Vient alors une intervention remarquée et première historique dans un congrès de la FSM, celle d’un dirigeant d’un syndicat des États-Unis. [6] « 5000 infirmières en grève dans le Minnesota…500 ouvriers de la restauration dans l’une des universités les plus prestigieuses au monde…l’égalité raciale est encore à conquérir aux États-Unis où des noirs sont assassinés par la police qui demeure impunie…Nous somme le premier pays impérialiste du monde mais nous sommes contre cela et contre le racisme…je vous annonce que notre syndicat est le premier syndicat américain qui demande son affiliation à la FSM » Imaginez la salle ! On n’entend pas la fin…les zoulous de la COSATU se déchainent et la salle avec…indescriptible.
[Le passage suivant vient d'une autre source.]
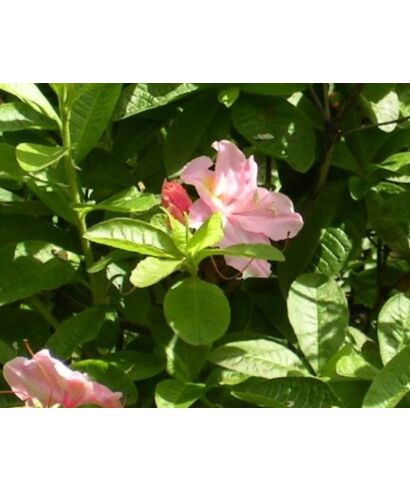 Różanecznik 'Cecile' (łac. Rhododendron)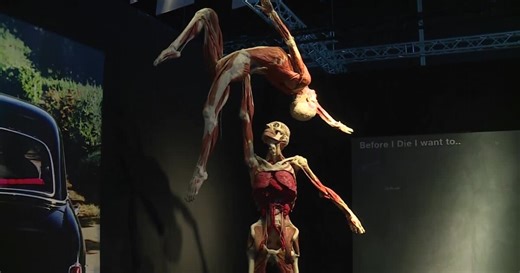 ‘BODY WORLD' exhibit at Science Museum of Virginia explores mind-body connection to happiness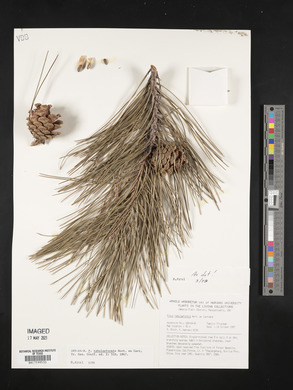 Pinus tabulaeformis image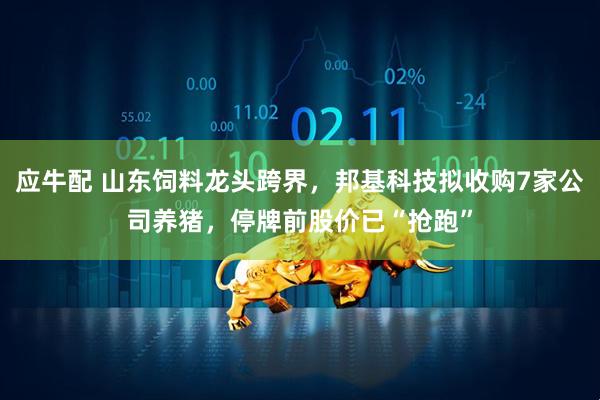 应牛配 山东饲料龙头跨界，邦基科技拟收购7家公司养猪，停牌前股价已“抢跑”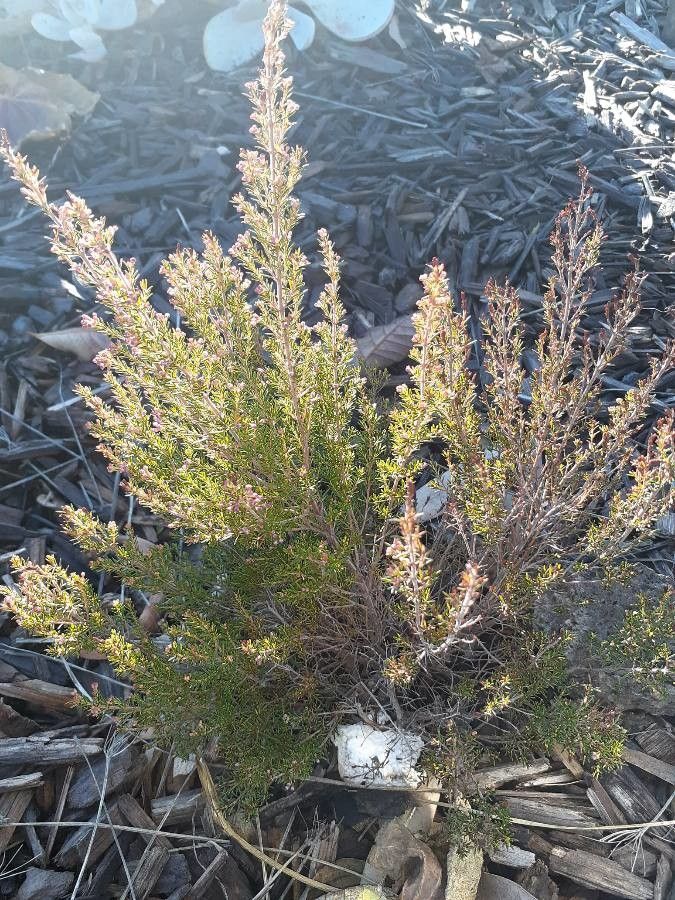 Erica melanthera — search result for 'Erica'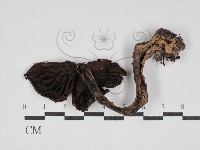 登錄號:F0030253藏品圖，第3張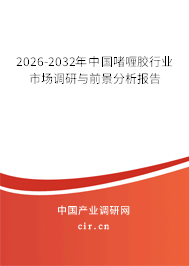 2026-2032年中國啫喱膠行業(yè)市場調(diào)研與前景分析報告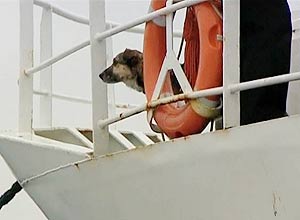 Baltic foi resgatado de cima de um pedaço de gelo; diversas pessoas tentaram adotá-lo, mas ele preferiu ficar no navio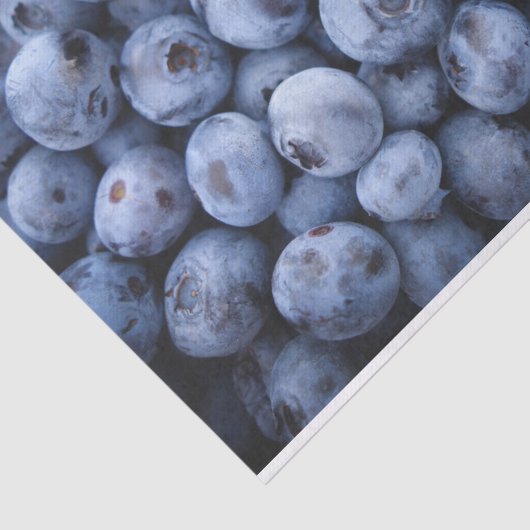 Blauwbes Tissuepapier (Detail)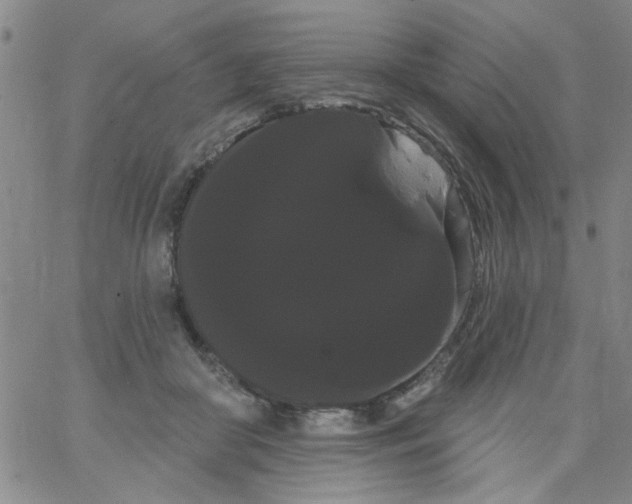 X0000066120410200604071917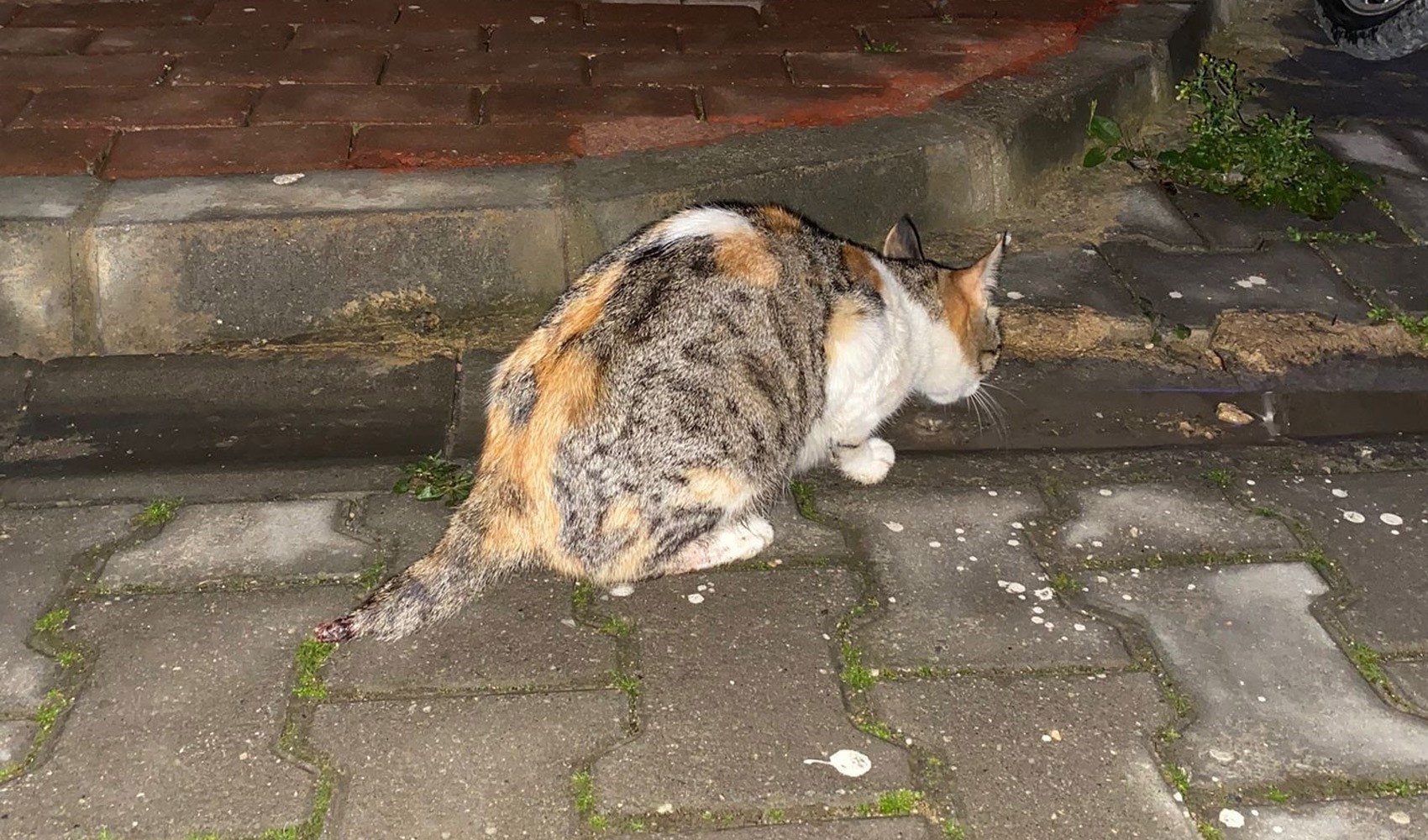 Tagliata la coda a una gatta madre, uccisi i suoi gattini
Tunisie, Sénégal qui parlera de l’aide de la CGT à travers la FSM [7] pour la fameuse grève de 1948 sur la ligne de chemin de fer Dakar – Bamako [8], Côte d’Ivoire, Panama, Bangla Desh…Les débats se terminent par le vote pour le secrétariat général où sont en lice Georges Mavrikos pour un 3e mandat et un candidat surprise de dernière minute d’un syndicat du Gabon.

Alors que les opérations de vote sont lancées, cette fois-ci c’est de la tribune que part un chant et en plus avec un micro ! Évidemment toute la salle (enfin celles et ceux qui connaissent les paroles !) le reprend et plusieurs manifestations spontanées convergent vers la tribune et quand la quasi-totalité des congressistes se massent au pied de celle-ci, le camarade chanteur, qui n’est autre que le secrétaire général de la COSATU, nous annonce qu’il va y avoir une soirée fraternelle avec repas...et danses ! On repart alors vers la salle… en manifestation dansante !

A demain !

Charles Hoareau


[1voir rubrique syndicalisme international

[2Les 5 de Miami emprisonnés pendant des années aux USA et libérés il y a peu, voir rubrique solidarité internationale

[3rouge midi reviendra sur ce sujet

[4le proverbe exact est : ce que tu fais pour l’autre si tu le fais sans lui, tu le fais contre lui

[5La CGT a toujours considéré les DOM TOM comme des territoires qui avaient droit, s’ils le désiraient, à leur indépendance et de ce fait la CGT y est organisée en organisation nationale indépendante de la CGT métropolitaine.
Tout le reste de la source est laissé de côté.